Segment Open

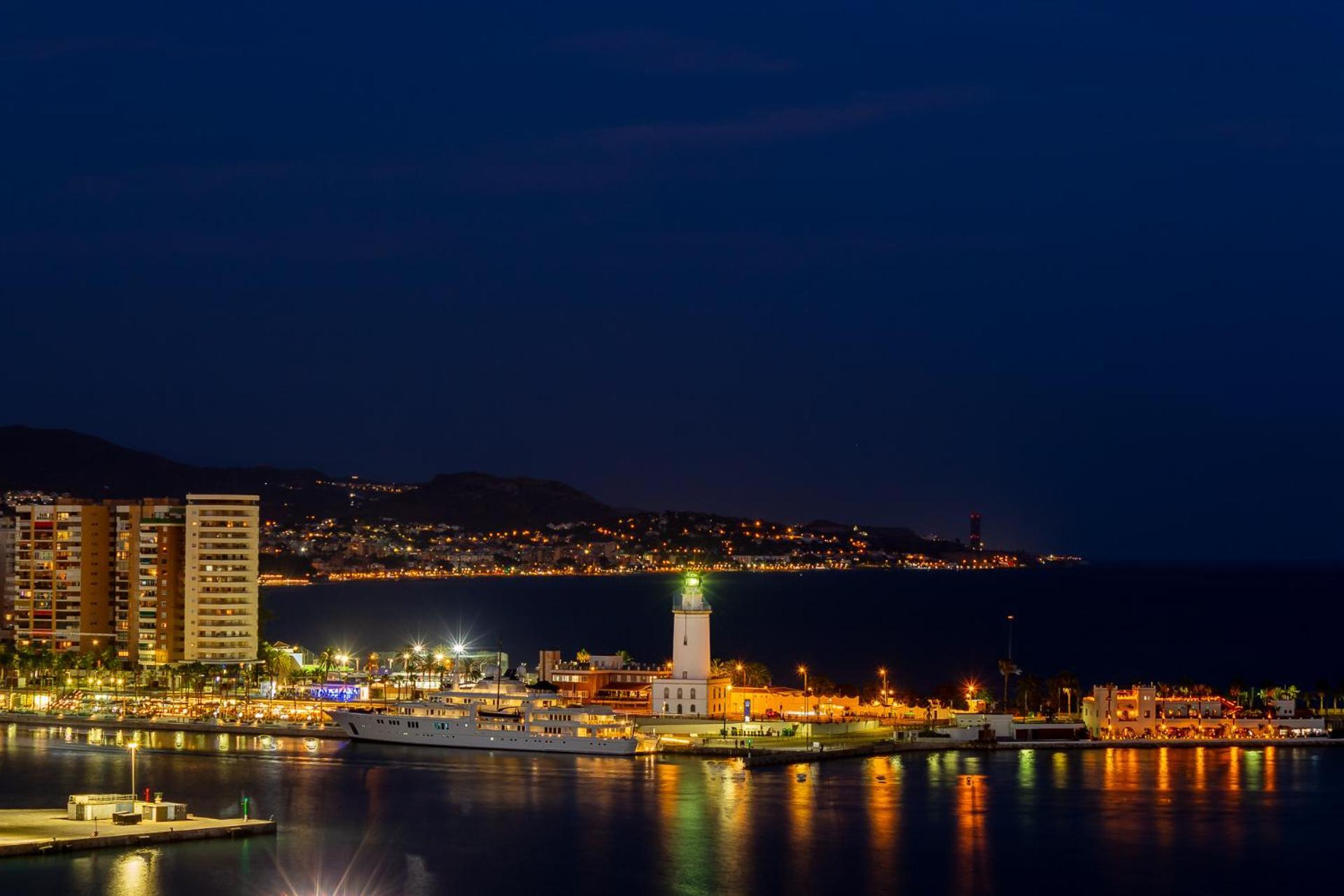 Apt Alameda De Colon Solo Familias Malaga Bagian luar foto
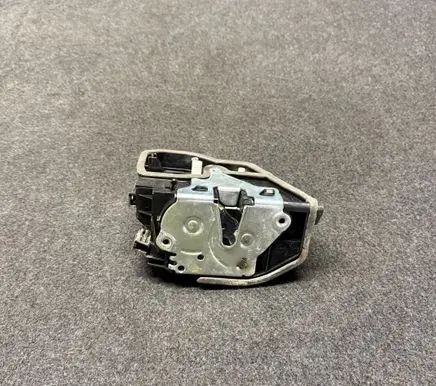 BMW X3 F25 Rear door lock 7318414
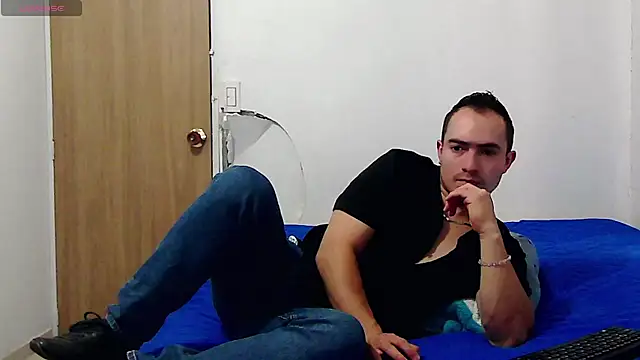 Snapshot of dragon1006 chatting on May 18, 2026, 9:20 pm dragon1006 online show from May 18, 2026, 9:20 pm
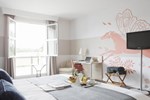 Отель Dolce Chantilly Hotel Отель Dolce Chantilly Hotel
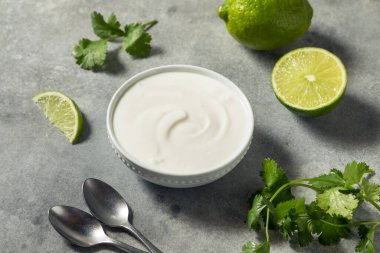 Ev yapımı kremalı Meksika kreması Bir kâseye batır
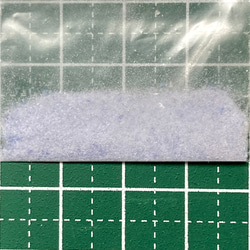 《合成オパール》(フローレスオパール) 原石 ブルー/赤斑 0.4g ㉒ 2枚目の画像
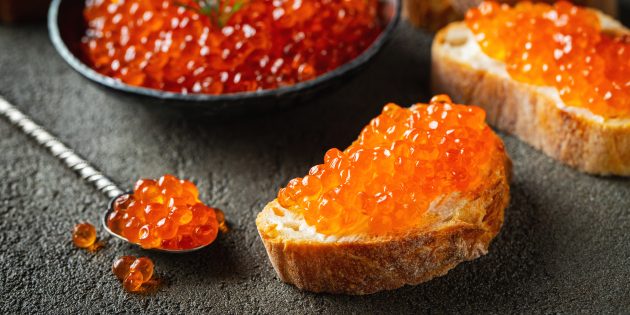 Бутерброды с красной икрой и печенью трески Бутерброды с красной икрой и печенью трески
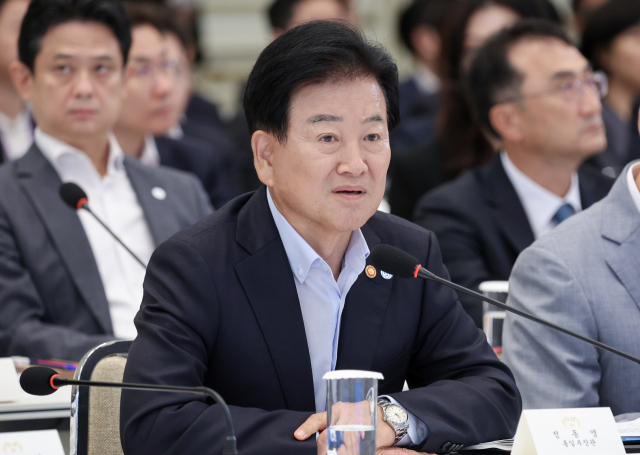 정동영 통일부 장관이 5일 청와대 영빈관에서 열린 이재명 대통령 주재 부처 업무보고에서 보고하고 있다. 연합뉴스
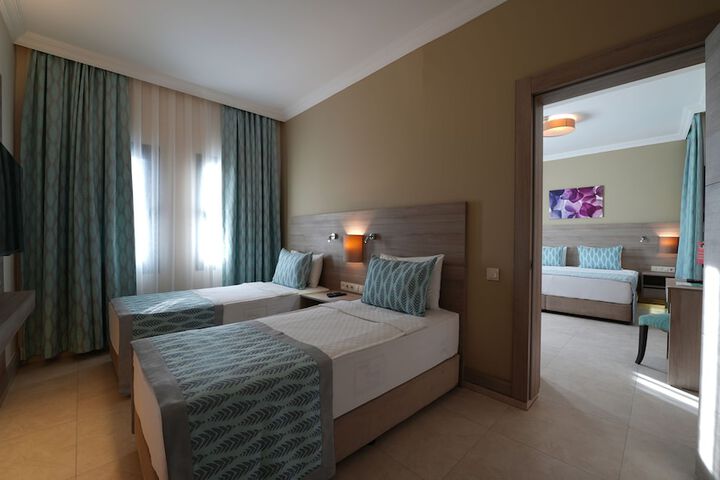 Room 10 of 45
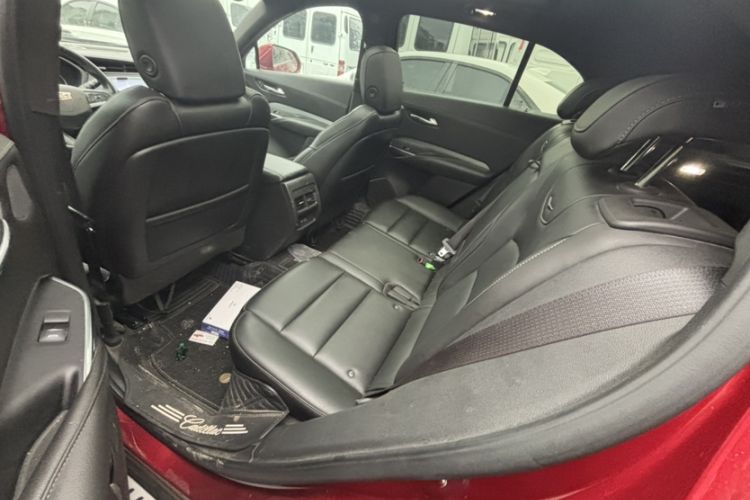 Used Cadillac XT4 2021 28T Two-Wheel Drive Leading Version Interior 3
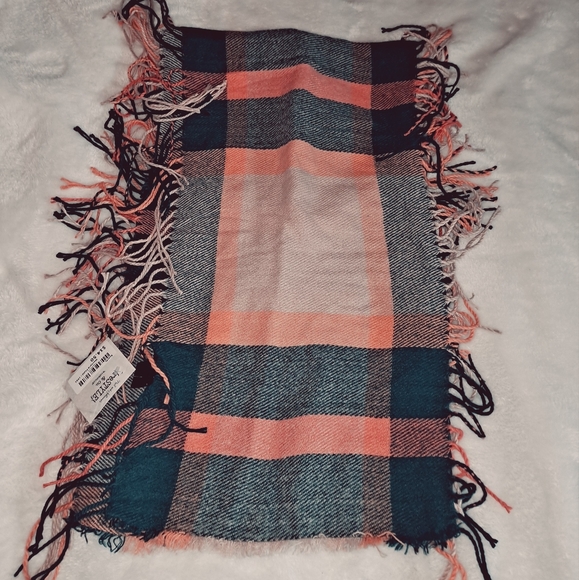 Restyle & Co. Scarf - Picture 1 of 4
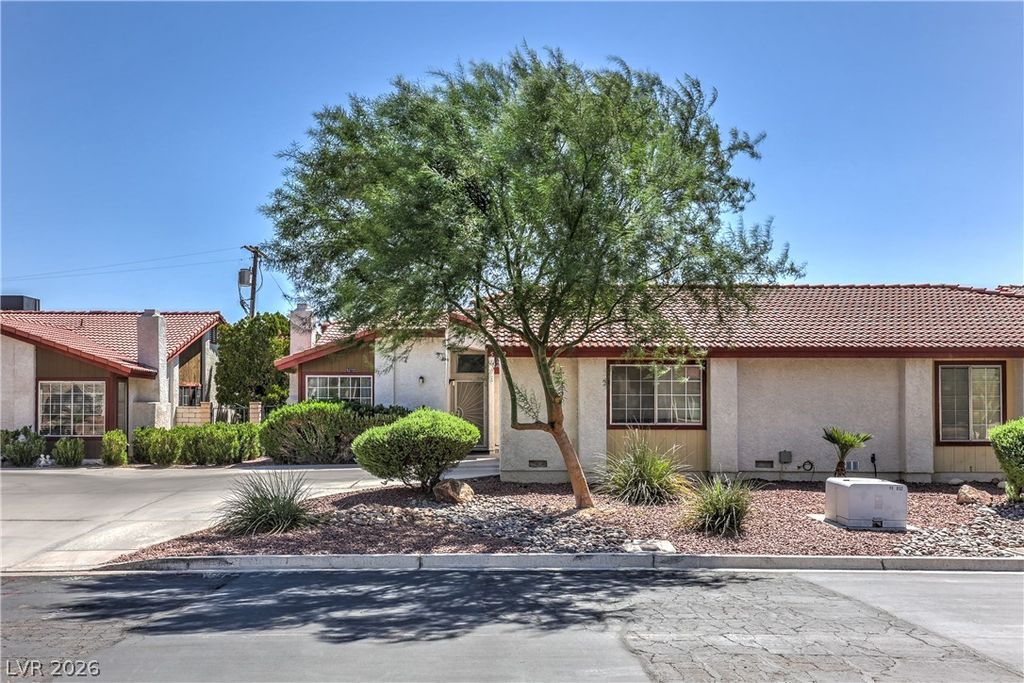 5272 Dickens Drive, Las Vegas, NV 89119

Segment Closed

PROMPT:
Copy exactly the lines from the one containing "Room 10 of 45" through the last line of the records above, including both, and omit every picture.

ANSWER AREA:
 Room 10 of 45
 Used Cadillac XT4 2021 28T Two-Wheel Drive Leading Version Interior 3
 Restyle & Co. Scarf - Picture 1 of 4
 5272 Dickens Drive, Las Vegas, NV 89119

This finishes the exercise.